**INSTRUCTIONS TO FOLLOW**
Transcribe the lines below verbatim, skipping the images.

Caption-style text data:
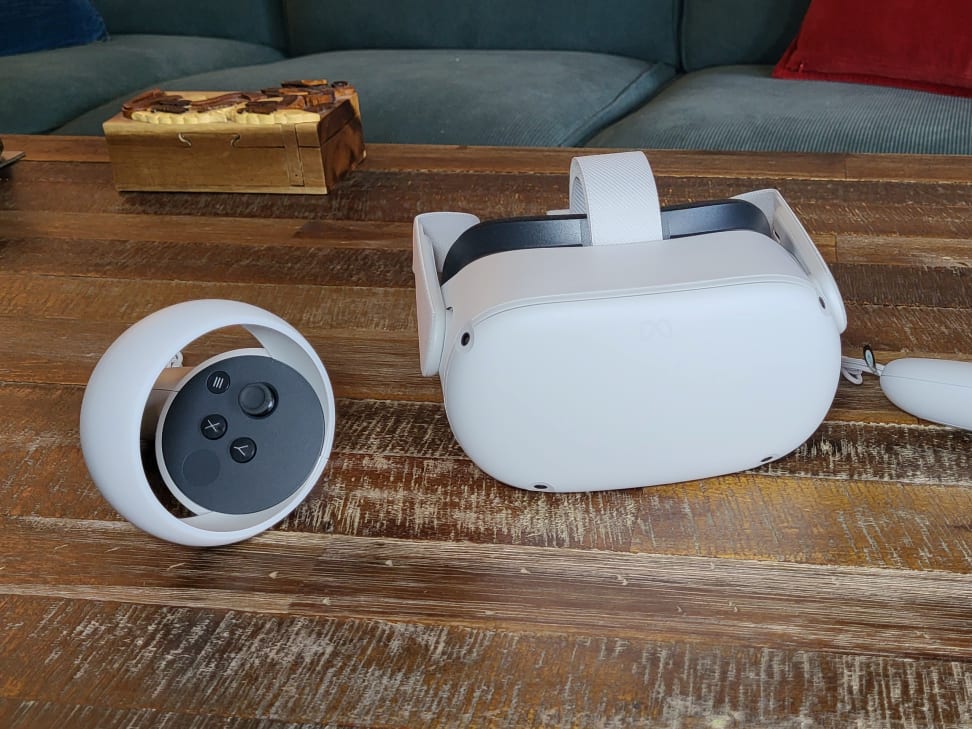 Meta Quest Review: The Best VR Headset Yet Reviewed | lupon.gov.ph
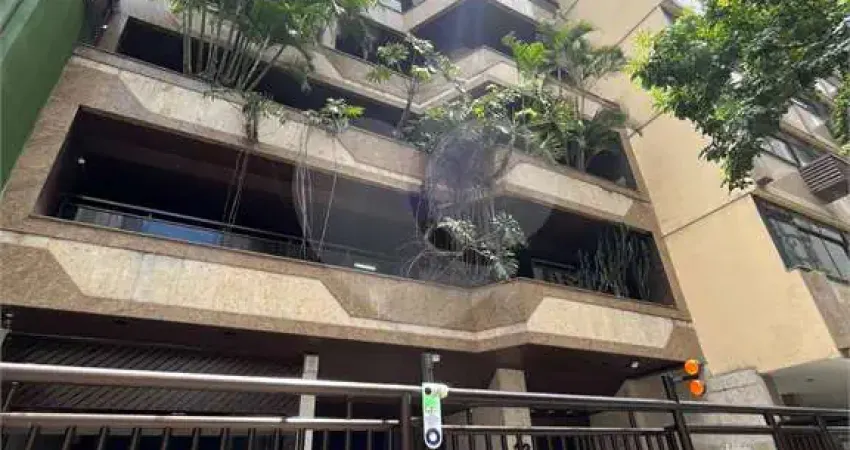 Apartamento com 4 quartos à venda na Rua Lopes Trovão, 23, Icaraí, Niterói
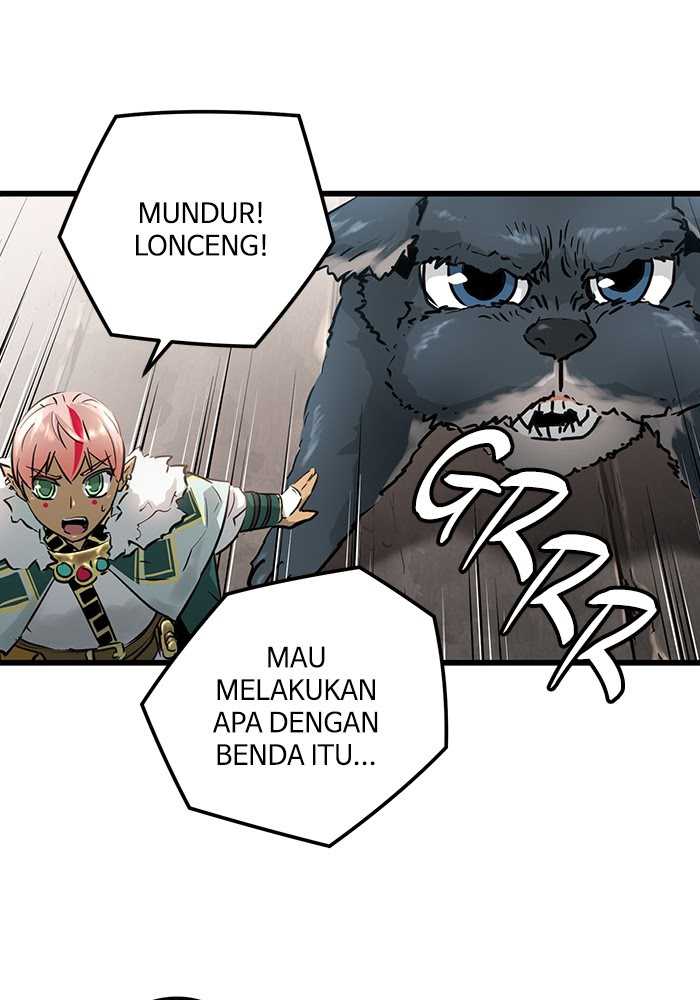 Promised Orchid Chapter 56 - halaman 12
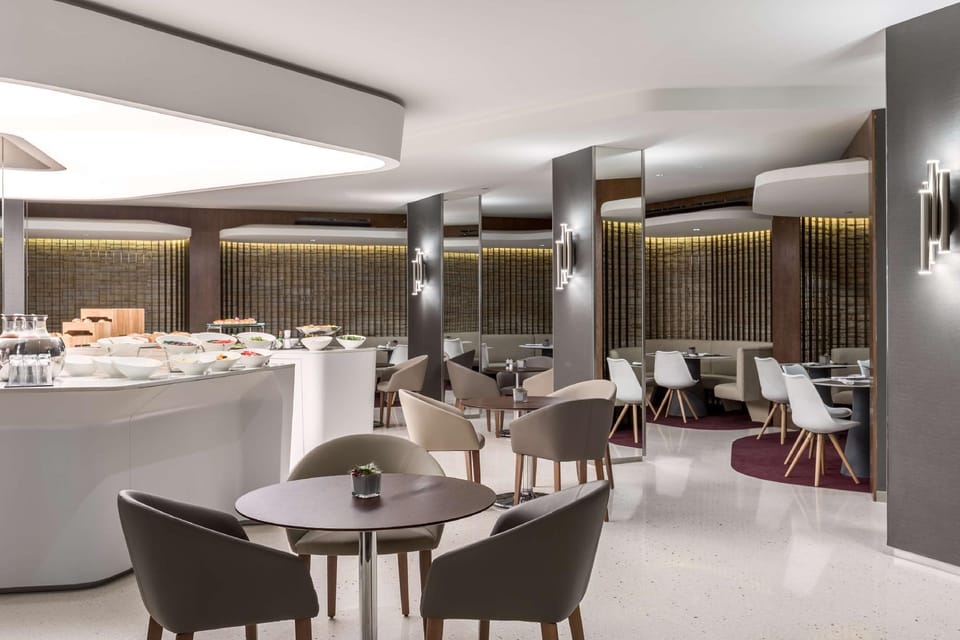 NH Collection Brussels Grand Sablon Hotel in Brussels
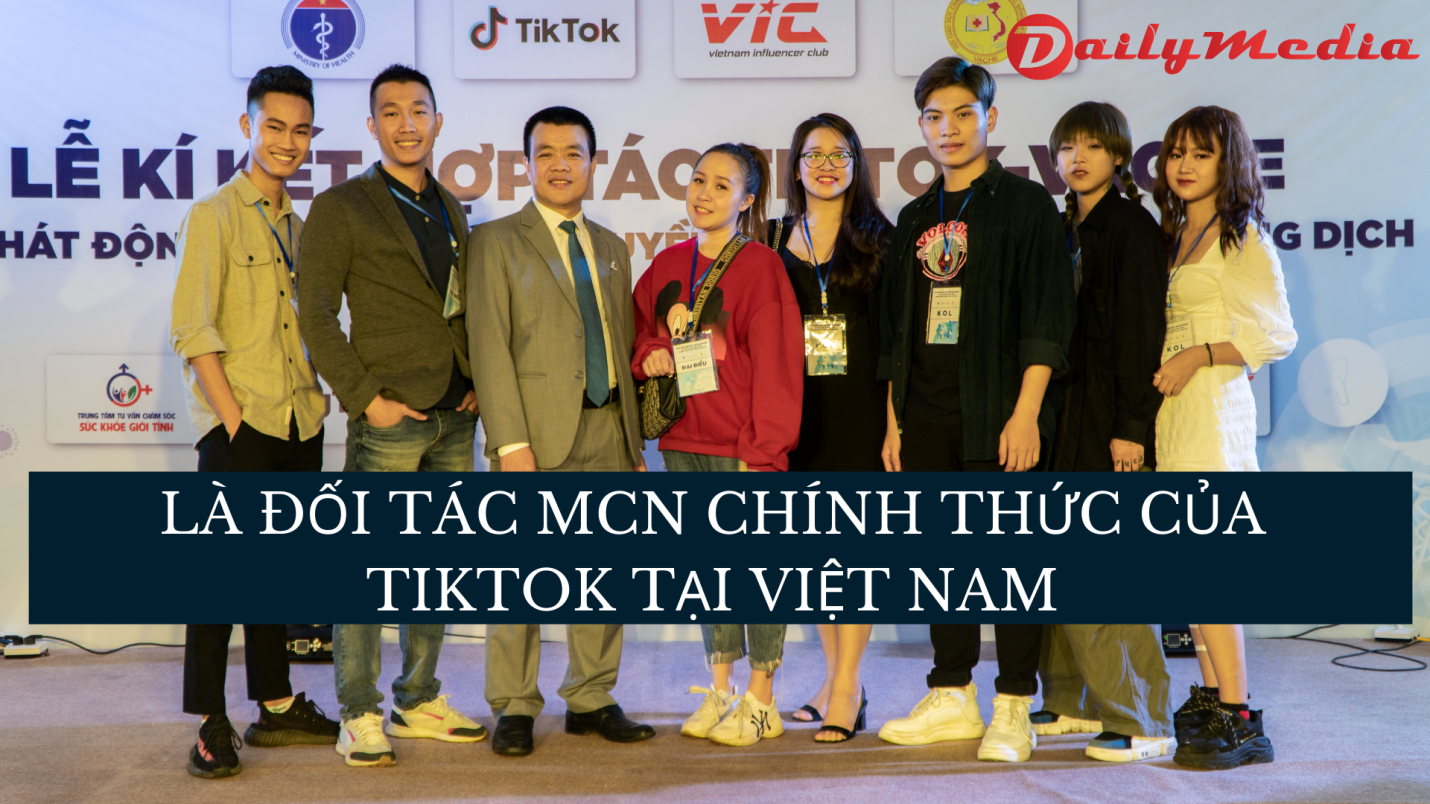 Cần biết - Daily Media giúp tạo ra các video triệu view của kols trên tiktok (Hình 3).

**TASK SOLUTION**
 Meta Quest Review: The Best VR Headset Yet Reviewed | lupon.gov.ph
 Apartamento com 4 quartos à venda na Rua Lopes Trovão, 23, Icaraí, Niterói
 Promised Orchid Chapter 56 - halaman 12
 NH Collection Brussels Grand Sablon Hotel in Brussels
 Cần biết - Daily Media giúp tạo ra các video triệu view của kols trên tiktok (Hình 3).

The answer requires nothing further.